**EXERCISE MATERIAL**

------------

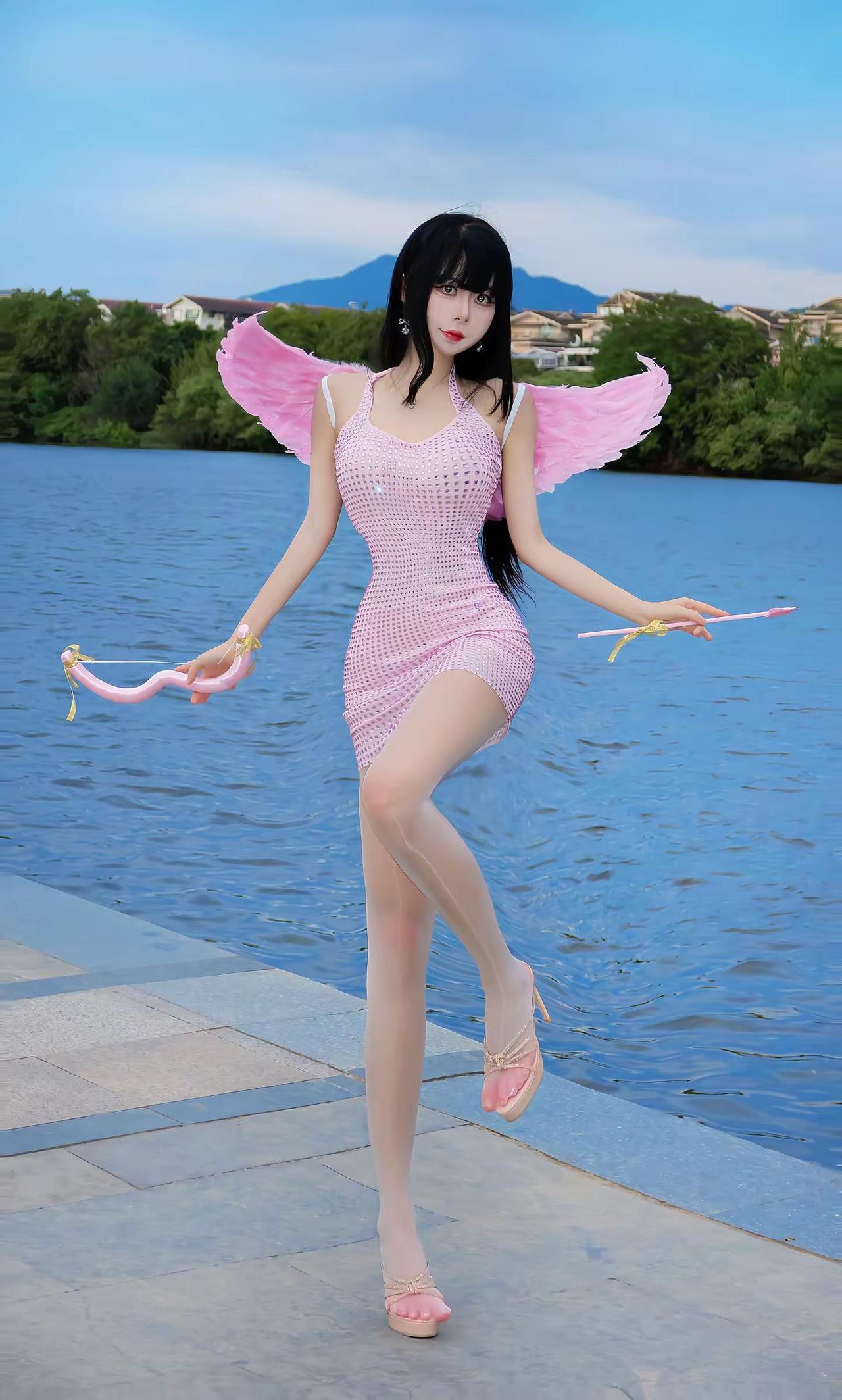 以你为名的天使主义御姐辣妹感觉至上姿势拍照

------------

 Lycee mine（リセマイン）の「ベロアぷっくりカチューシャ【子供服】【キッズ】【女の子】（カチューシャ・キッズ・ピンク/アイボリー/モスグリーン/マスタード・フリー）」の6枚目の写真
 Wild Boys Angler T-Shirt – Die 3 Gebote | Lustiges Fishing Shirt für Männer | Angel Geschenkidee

------------

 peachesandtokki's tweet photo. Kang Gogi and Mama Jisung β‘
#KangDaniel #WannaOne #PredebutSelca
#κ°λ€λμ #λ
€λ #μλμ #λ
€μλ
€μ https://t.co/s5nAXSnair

------------

**WHAT IS BEING ASKED**
Extract the lines of the preceding material that run from the line with "Lycee mine（リセマ" through the line with "Wild Boys Angler", inclusive, reproducing them exactly and adding nothing.

**RESULT FOR THIS EXERCISE**
 Lycee mine（リセマイン）の「ベロアぷっくりカチューシャ【子供服】【キッズ】【女の子】（カチューシャ・キッズ・ピンク/アイボリー/モスグリーン/マスタード・フリー）」の6枚目の写真
 Wild Boys Angler T-Shirt – Die 3 Gebote | Lustiges Fishing Shirt für Männer | Angel Geschenkidee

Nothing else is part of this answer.